Discordais, dizendo: Afirmastes que
diferenciação e igualdade constituem também qualidades do Pleroma. O que
ocorre, quando lutamos pela diferenciação? Não somos no caso fieis à nossa
natureza e, portanto, devemos também ficar eventualmente em estado de
igualdade, enquanto lutamos pela diferenciação?
O que não deveis esquecer jamais é
que o Pleroma não tem qualidades. Somos nós que criamos essas qualidades
através do intelecto. Quando lutamos pela diferenciação ou pela igualdade, ou
por outras qualidades, lutamos por pensamentos que fluem para nós a partir do
Pleroma, ou seja, pensamentos sobre as qualidades inexistentes do Pleroma.
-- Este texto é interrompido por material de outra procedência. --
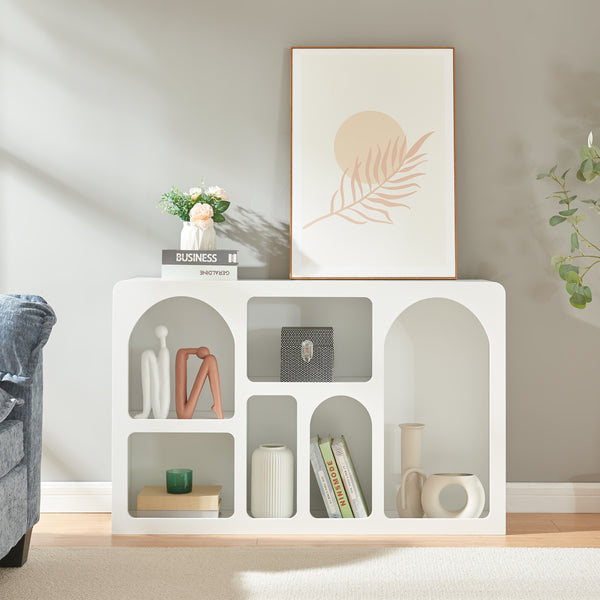 Sideboard Vågå s otevřenými přihrádkami 110x30x70 cm Bílá [en.casa]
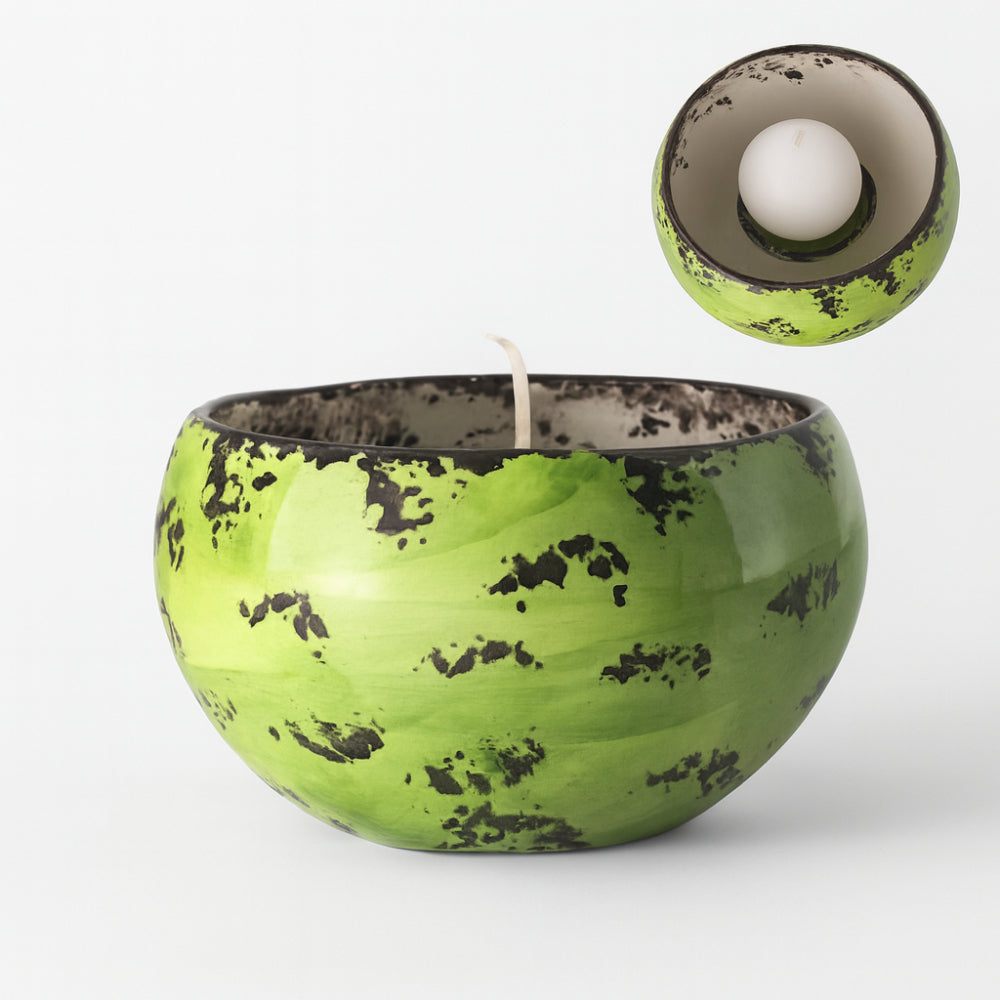 Porta candele Zampiva in ceramica verde maculato H 11,5 cm fatto a mano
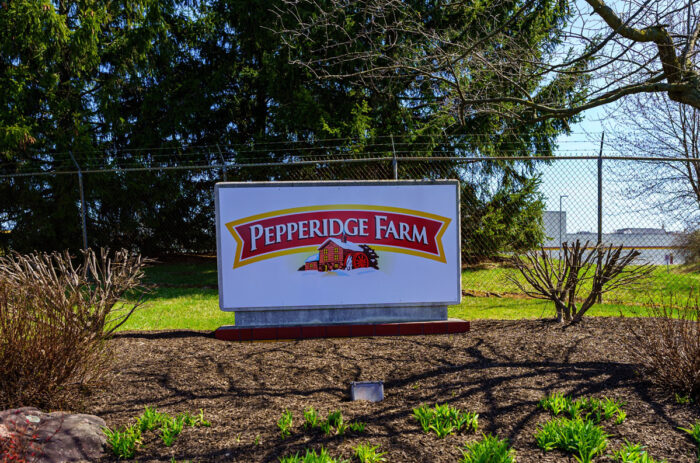 The Pepperidge Farm Sign at the entrance to the plant in Lancaster County, Pennsylvania.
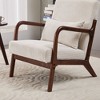 Sapphtopaz Modern Accent Chair with Pillow Upholstered Lounge Reading Chair with Wood Frame Comfy Arm Chair for Living Room, Bedroom - 2 of 4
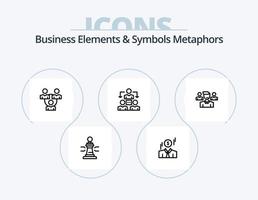 bedrijf elementen en symbolen metaforen lijn icoon pak 5 icoon ontwerp. overeenkomst. koning. beker. speler. schaak vector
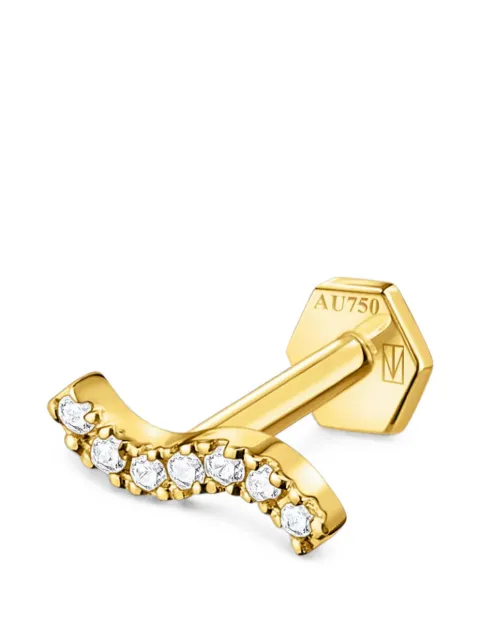 SABOTEUR wave-motif diamond earrings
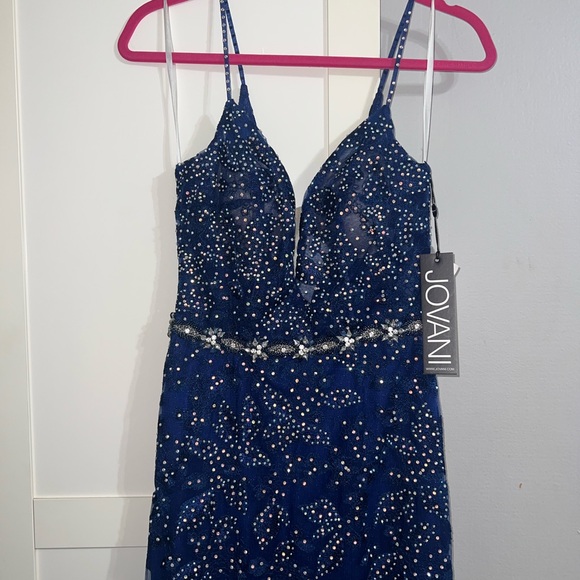 Jovani Navy Blue Beaded Prom Dress - Picture 2 of 8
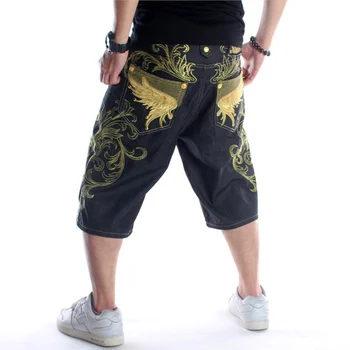 Летние Свободные джинсовые шорты в стиле хип-хоп с индивидуальной вышивкой, короткие джинсы в стиле хип-хоп, Модные мешковатые повседневные шорты Для мужчин больших размеров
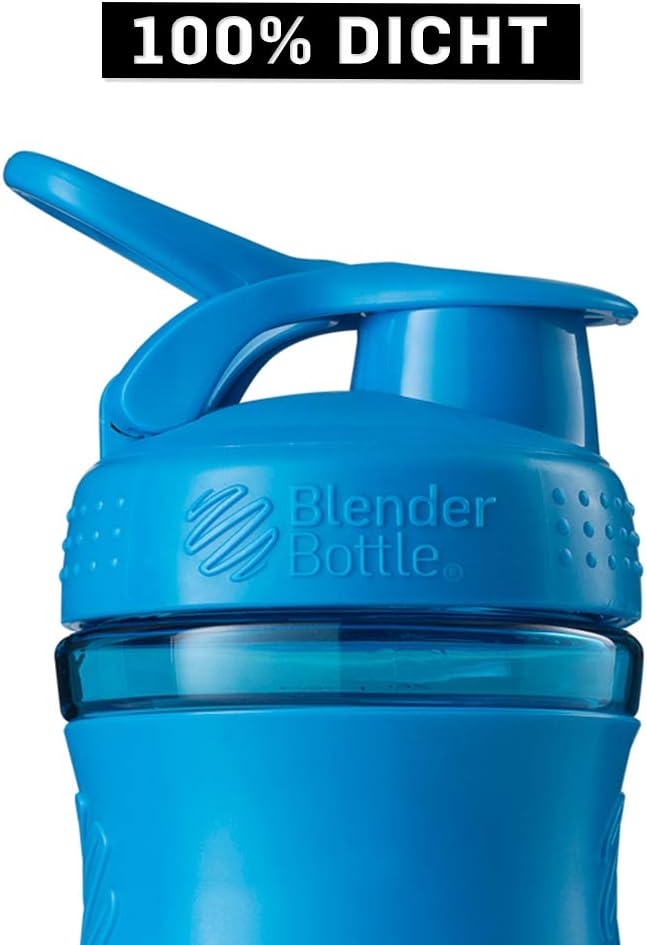 BlenderBottle SportMixer Tritan Grip Shaker Bottle, Cyan/Cyan, 20-Ounce (C01649)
Enquanto perseguis essas idéias, vós vos precipitais novamente no Pleroma,
chegando ao mesmo tempo à diferenciação e a igualdade. Não a vossa mente, mas o
vosso ser constitui a diferenciação. Eis por que não deveríeis lutar pela
diferenciação e pela discriminação como as conheceis, mas sim por vossa
verdadeira natureza. Se de fato assim o fizésseis, não teríeis necessidade de
saber coisa alguma sobre o Pleroma e suas qualidades e, ainda assim,
atingiríeis o vosso verdadeiro objetivo, devido à vossa natureza. No entanto,
com o raciocínio aliena-vos de vossa real natureza, devo ensinar-vos o conhecimento
para que possais manter vosso raciocínio sob controle."[GoogleBooks]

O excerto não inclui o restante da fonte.